TAMPA, Fla. (WFLA) — A bill that would allow cities and counties to put speed cameras in school zones is working its way through the Florida legislature.

SB 410 allows cameras within 1,000 feet of a school zone. They can operate during the school day from up to one hour before through one hour after “a regularly scheduled school session” with penalties starting at 10 mph above the speed limit.

“Hundreds of thousands of Florida students cross roadways on their way to and from school, and nowhere in America are they in more danger from cars than in our state,” Fla. Sen. Ana Maria Rodriguez (R-Doral) said.

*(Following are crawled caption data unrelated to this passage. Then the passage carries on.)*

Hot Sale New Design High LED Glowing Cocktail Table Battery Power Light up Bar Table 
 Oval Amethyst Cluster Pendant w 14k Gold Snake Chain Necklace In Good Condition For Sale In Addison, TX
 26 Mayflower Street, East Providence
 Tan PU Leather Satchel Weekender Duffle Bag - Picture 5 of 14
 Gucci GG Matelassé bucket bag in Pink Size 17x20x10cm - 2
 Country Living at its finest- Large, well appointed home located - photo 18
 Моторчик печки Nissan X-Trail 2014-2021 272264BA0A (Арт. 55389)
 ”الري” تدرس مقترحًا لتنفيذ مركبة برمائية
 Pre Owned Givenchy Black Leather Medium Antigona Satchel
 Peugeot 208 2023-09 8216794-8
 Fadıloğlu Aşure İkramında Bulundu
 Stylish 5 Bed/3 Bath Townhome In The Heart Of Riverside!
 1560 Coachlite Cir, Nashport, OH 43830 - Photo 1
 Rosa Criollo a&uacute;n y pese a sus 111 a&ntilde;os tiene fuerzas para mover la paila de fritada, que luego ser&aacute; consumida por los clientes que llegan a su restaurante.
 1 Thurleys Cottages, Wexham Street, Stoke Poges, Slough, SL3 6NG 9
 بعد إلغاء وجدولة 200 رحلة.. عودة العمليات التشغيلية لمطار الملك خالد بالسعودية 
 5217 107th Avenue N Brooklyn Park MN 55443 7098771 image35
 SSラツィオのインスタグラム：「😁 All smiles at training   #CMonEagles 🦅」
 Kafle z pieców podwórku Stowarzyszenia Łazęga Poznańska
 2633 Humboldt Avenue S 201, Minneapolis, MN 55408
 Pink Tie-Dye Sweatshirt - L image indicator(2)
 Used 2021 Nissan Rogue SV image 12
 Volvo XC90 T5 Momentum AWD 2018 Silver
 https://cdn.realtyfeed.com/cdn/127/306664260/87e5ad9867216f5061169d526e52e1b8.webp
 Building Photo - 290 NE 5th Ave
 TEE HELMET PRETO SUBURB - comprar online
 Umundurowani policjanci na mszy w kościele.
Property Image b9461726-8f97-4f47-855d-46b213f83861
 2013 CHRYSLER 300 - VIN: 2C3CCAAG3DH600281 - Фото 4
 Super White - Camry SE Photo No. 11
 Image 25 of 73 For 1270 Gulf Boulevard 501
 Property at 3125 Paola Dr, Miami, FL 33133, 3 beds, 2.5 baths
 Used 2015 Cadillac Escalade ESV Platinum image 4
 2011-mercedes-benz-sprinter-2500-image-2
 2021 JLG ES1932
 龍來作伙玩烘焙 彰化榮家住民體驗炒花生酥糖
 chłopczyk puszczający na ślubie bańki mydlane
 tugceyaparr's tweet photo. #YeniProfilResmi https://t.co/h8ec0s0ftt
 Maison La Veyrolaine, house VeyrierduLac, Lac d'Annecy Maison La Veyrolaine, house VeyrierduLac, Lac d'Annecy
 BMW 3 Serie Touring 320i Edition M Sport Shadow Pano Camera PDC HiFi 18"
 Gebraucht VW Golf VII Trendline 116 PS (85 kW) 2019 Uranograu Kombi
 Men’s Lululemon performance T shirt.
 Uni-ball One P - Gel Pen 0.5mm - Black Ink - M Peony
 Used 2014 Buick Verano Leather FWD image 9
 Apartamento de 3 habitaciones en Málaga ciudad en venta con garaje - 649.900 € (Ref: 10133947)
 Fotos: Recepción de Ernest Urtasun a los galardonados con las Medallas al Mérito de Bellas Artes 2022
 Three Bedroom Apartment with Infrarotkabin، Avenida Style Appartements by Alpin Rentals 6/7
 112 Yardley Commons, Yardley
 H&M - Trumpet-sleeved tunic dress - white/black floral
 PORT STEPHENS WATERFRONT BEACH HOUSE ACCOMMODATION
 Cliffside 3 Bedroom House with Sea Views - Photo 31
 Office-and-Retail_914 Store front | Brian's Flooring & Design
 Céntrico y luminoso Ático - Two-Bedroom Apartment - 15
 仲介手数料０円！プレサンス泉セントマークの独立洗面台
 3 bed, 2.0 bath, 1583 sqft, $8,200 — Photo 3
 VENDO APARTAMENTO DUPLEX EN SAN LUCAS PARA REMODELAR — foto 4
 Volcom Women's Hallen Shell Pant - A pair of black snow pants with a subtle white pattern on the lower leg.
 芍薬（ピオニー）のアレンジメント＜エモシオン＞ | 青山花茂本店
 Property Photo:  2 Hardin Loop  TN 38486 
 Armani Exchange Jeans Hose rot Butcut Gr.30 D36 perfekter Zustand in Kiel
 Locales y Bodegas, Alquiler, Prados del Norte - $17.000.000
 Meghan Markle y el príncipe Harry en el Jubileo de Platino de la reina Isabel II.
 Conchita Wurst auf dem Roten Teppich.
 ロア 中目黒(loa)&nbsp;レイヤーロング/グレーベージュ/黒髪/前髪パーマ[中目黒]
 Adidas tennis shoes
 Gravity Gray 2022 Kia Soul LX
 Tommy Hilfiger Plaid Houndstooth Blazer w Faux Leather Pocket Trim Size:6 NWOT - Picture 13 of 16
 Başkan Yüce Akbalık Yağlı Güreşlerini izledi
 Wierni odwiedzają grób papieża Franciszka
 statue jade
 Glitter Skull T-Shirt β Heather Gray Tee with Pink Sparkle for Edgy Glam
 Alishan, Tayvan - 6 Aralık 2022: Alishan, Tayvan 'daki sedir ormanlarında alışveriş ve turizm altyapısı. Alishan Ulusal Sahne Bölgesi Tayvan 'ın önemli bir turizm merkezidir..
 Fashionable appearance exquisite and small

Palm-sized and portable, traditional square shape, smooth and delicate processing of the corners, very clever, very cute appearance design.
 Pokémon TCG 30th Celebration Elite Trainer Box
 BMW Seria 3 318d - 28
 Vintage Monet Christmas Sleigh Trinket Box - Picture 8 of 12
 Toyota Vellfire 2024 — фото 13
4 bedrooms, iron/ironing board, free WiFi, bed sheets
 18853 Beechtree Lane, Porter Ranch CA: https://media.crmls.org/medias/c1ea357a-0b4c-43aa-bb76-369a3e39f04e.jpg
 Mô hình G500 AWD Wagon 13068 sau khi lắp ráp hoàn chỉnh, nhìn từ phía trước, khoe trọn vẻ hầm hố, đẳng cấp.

Rodriguez referenced the 2018 school safety study from Zendrive that put Florida second-to-last in the nation, with Hillsborough, Pinellas and Sarasota Counties ranking in the top 15 most dangerous counties in Florida. That same study found pickup and dropoff times to be the most dangerous for kids.

In the bill’s first hearing — before the Senate Education Committee last week — a question from Fla. Sen. Travis Hutson (R-Palm Coast) highlighted the mismatch between the hours that flashing lights operate in school zones compared to SB 410.

“It’s 30 minutes for the flashing lights, whereas the actual time of enforcement [of this bill] is one hour,” responded Rodriguez. “The flashing lights can be adjusted to mirror the exact time of enforcement so that there’s no confusion amongst drivers,” which she also added can be done in reverse so that the bill’s hours could match those of the flashing lights.

The fines increase with the driver’s speed, starting at $200 for going 10-14 mph over the limit up to $500 for driving 30 mph or more above the limit.

Fines at various speeds above the limit in a school zone per SB 410.

Rodriguez says the data show how even small decreases in speed can save lives.

“The risk of severe injury for a pedestrian hit by a standard car at 16 mph is only 10%,” Rodriguez said. “Compared to 50% at 31 mph and 90% at 46 mph.”

Several senators on both sides of the aisle thought more money should go to local school districts, particularly for student walking safety initiatives.

As introduced, the bill sends $4 of that fine to school districts for those types of initiatives.

Many drivers don’t like speed cameras, and Fla. Sen. Manny Diaz (R-Hialeah) is one of them.

“Obviously I’ve consistently been concerned and against the addition of any cameras anywhere in our state for various reasons,” Diaz said, adding that he would support the bill at this committee stage subject to “further discussions” with the bill sponsor.

Other senators are fully in favor of the measure.

“School zones are areas with extremely high vehicle, bicycle, and pedestrian traffic,” said Fla. Sen. Annette Taddeo (D-Miami), who has introduced legislation to put cameras on school buses to catch drivers who pass them while stopped. “One death of a child is one too many. We should do anything in our power to enforce the speed limit in order to prevent countless accidents.  Just this year from a AAA Survey, Florida drivers admitted to speeding in school zones. When SB 410 — bipartisan legislation which I’m proud to co-sponsor — is presented at my ATTED Committee, I’m sure we will see another unanimous Committee vote.”

The bill gives the owner of the car captured in the camera “the right to review, in person or remotely, the photographic or electronic images or streaming video and the evidence of the speed of the vehicle as measured by a speed detection system.”

SB 410 passed the Senate Education Committee unanimously. It now moves to the Appropriations Committee and one of its subcommittees before it would go to the full Senate floor during the legislative session, which begins Jan. 11, 2022.